Educator Book Review: Nonfiction Writing Power
Nonfiction Writing Power
By Adrienne Gear
Published by Pembroke Publishers
Category: Professional Development, Writing, ELA
Reviewed by Gina Vigna,
Educator, Calgary Catholic School Board
Nonfiction Writing Power is a book I would highly recommend to colleagues and administrators as a valuable resource to support primarily Language Arts programs. This powerful resource models the importance of writing with intent and purpose and truly guides the educator by providing practical guidelines and strategies to allow them to successfully deliver innovative techniques to their students. The book is well-written and the guided lessons on how to develop writing with intent and purpose are provided in a very easy-to-follow format. The guidelines and planning pages provided within this professional development resource can easily be utilized within a Division Two classroom (Grades 4-6) and to an extent, can be modified and implemented at the Junior High level. The ideas discussed within the resource are multi-faceted and easily adapted to a wide-range of subject areas, particularly in the areas of Science and Social Studies.
The sidebar notes/quotes in the resource are very effective and allow the teacher to quickly reference key points made on a particular page. The resource provides great thought-provoking questions about writing and provides detailed insightful answers that help teachers try to overcome the many challenges faced today while striving to provide a quality writing program. Although I am a seasoned teacher of 33 years, I am constantly searching for new ideas and ways to inspire students to write. The drawer analogy, as an example, is a very effective visual that I would definitely use in my Grade 4 classroom. The sandwich analogy is similar to one I use and is also a very effective visual. It is my belief that these techniques will be well-received by students and will enhance any teacher-student writing conferences. The “Nonfiction Triple-Scoop Word Chart” is yet another example of a very useful technique that can easily be used within the classroom to enhance students’ writing power. “How to Drive your Teacher Coconuts,” is an example of a fun, highly motivating activity that I would not hesitate to use, to teach students how to write instructions.

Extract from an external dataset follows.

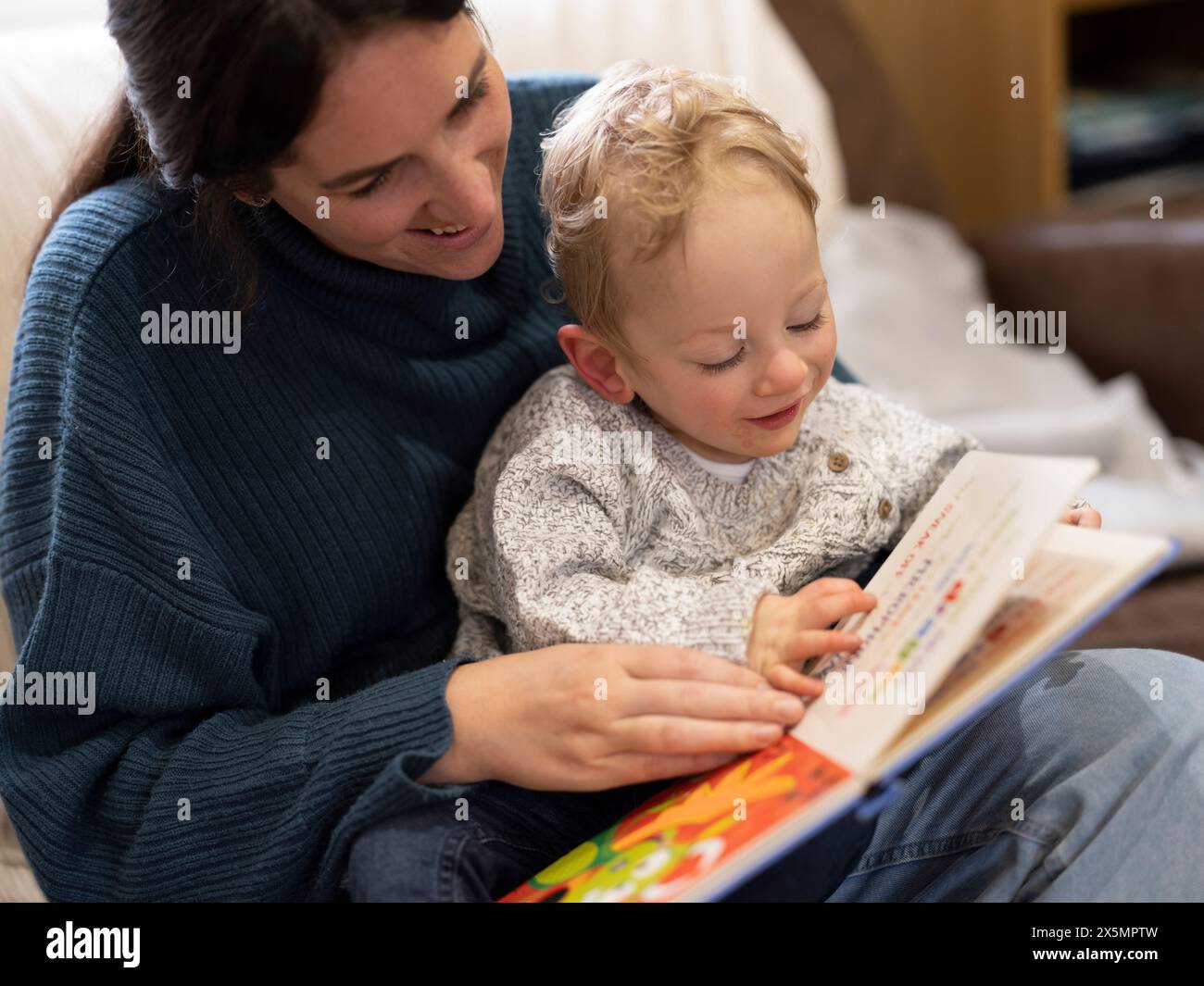 Mutter und Sohn lesen zu Hause Stockfoto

I welcome the emphasis placed on literature, as it has been my experience that using a variety of books to model structure is very effective. The names of the many anchor books that can be used within the elementary classroom, is appreciated and allows opportunities for conversations to purchase some of these books for the school libraries.
The multitude of diverse forms of writing and step-by-step guidelines for enhancing these forms, discussed in Adrienne Gear’s professional resource, will be a welcome resource for both teachers and administrators alike.